Some loss of uncertainty in propagation may be acceptable in a sufficiently complex system. These are toy examples with only a few cells, whereas real CLA regions have hundreds or thousands of cells. However, we are working through some simple examples to try to better understand the behaviour and limits of the CLA.
Another detail that is not fully described in Hawkins’ current TP proposal is how long cells should be active when predicted. Maximum stability is achieved when cells are active for long periods, but we are limited by the conflicting objective to not hide uncertainty. Should we truncate activity when other prediction failures occur? In the next article we will propose explicitly making TP cells active unless uncertainty is too high, thereby implementing an auto-tuning of activation period.
Representations of random sequences
There is one comment in Hawkins’ proposal that we disagree with. He says: “One of the key requirements of temporal pooling is that we only want to do it when a sequence is being correctly predicted. For example, we don’t want to form a stable representation of a sequence of random transitions.” In fact, it may be necessary to build a framework of some random sequences, in order to build sufficiently complex representations to explain any of the simpler events. Although the random sequences may not be the right ones, we need to have a mechanism of assembling more complex hierarchical representations even when there is no incremental explanatory power in doing so (this was discussed in the previous article). This would mean looking for structure in randomness, on the assumption that it would eventually be worthwhile due to explanatory models in higher levels of the hierarchy.

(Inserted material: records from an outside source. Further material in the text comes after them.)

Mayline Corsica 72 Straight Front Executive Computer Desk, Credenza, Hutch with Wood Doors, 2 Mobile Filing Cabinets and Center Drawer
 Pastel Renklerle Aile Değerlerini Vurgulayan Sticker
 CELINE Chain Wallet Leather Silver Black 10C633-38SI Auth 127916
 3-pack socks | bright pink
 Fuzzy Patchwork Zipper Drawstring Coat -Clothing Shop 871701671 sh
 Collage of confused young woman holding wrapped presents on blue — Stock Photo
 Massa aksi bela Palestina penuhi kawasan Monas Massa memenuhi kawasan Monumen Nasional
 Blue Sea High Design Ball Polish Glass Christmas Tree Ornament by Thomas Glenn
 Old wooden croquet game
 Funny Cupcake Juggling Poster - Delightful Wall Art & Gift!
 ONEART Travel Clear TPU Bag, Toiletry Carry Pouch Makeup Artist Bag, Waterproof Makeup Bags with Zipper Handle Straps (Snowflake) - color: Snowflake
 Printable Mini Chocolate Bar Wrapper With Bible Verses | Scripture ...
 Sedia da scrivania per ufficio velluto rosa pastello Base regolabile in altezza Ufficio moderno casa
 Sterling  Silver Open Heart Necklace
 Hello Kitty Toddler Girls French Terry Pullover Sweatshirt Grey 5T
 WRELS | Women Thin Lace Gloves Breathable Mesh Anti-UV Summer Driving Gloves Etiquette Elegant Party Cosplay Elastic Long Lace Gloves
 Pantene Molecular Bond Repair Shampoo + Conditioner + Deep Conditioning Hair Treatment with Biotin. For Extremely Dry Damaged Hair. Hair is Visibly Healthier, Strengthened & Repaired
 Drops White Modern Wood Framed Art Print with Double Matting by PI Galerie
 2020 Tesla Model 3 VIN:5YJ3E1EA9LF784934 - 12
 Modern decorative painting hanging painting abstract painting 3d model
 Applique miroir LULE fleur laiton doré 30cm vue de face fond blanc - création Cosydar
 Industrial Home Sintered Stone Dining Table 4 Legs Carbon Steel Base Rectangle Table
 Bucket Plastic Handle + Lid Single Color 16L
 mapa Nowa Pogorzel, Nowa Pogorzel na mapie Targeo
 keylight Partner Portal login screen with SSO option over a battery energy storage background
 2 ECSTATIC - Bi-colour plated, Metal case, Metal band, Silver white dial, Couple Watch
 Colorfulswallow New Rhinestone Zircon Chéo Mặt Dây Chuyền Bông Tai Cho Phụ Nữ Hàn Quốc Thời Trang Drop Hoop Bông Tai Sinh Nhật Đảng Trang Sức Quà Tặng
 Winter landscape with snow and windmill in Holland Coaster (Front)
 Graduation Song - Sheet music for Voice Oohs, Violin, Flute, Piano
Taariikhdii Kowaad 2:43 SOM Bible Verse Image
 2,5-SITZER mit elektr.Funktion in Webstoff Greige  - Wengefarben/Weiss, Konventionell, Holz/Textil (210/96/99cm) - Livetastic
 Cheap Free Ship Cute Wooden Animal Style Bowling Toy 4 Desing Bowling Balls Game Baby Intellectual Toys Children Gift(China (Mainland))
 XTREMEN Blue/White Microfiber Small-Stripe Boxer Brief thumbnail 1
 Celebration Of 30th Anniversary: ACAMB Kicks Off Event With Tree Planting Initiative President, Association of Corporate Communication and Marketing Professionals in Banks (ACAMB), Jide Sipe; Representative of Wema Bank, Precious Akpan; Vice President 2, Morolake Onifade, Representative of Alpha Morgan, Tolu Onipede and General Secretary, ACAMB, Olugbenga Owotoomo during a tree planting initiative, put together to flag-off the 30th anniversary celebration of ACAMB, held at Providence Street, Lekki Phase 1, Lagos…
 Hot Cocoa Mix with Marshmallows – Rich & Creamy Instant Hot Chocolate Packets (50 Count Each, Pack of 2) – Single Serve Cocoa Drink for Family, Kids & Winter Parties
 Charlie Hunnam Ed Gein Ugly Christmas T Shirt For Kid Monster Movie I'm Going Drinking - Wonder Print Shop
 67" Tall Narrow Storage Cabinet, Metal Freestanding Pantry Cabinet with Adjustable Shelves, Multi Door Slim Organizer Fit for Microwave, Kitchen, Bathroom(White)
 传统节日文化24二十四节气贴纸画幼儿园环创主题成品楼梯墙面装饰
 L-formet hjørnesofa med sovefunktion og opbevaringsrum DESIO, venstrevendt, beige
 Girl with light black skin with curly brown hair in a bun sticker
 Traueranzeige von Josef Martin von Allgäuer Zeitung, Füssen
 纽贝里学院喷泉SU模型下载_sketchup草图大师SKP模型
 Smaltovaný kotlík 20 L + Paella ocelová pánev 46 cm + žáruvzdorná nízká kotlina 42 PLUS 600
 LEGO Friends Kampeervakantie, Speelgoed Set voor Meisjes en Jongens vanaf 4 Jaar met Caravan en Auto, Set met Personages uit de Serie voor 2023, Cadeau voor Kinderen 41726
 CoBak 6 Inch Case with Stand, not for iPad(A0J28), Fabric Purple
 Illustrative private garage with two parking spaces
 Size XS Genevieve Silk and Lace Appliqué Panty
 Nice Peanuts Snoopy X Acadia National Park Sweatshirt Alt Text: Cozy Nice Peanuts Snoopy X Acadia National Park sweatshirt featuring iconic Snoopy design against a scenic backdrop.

– Reliable propagation of uncertainty (prediction failure) up the hierarchy is critical to move unexplained events to a level of abstraction where they can be understood
– We would like to extend activity period for maximum stability, balanced against the desire to avoid hiding prediction errors. How this is done is not detailed
– It may be necessary to perform temporal pooling even when there are no predictable patterns, in order to construct higher-order representations that may be able to predict the simpler events.